I'd like to thank the Tube staff that helped out. You know who you are. It was interesting that Rare Day & Channel 4 chose this approach of using actors to voice the thoughts rather than real staff themselves. I also got a few responses back to my initial email where I really had to reassure the staff that their real names would not be used.
I'm intrigued as to what we will discover. Looks like there will also be an answer to that age old question "Ever wondered why you've heard a 'good service' announcement over the tannoy even when you've been stuck on a train for the past 10 minutes?"
Update: 1st February - TfL's press office have been in touch with me and have said that they will be watching with interest as the producers seem to have taken a highly selective and partisan approach. They say that the film-makers and Channel 4 were given numerous opportunities to put their claims to London Underground’s Managing Director Mike Brown directly, including an interview on camera but flatly declined, "preferring to base their programme on claims that they were either unwilling or simply unable to substantiate."

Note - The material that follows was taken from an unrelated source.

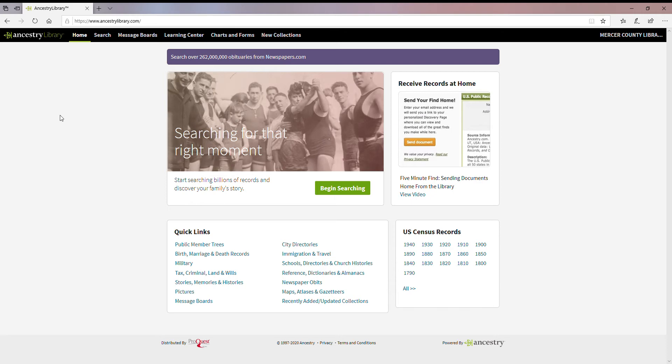Heritage Quest is available to you remotely through the library system, but Ancestry Library is not. It can only be used within our buildings, so you would have to visit the library in order to use the Ancestry Library version. Ancestry does have an at-home version that some of you may subscribe to, and you may have turned to this video to get more information on how to search and maximize your results in that particular database.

Update - 2nd February 9am - One of the first national dailies to review tonight's show is The Daily Telegraph who did give TfL the opportunity to respond. They focus on the dead bodies stored in cupboards story. "One male member of the Tube’s Emergency Response Unit said leaving bodies in cupboards was very disrespectful. He told Channel 4’s Confessions from the Underground: “As far as I understand it, London Ambulance services have limited resources and a few years back they stopped taking anybody who’s deceased into their ambulances back to hospitals".
A spokesman for London Underground explained workers were offered support and counselling should they need it and said: “Following agreed procedures, a body may be moved to a secure room within the station to await collection by undertakers. We believe our staff do a fantastic job in responding to such difficult circumstances and they are offered counselling support, if necessary.”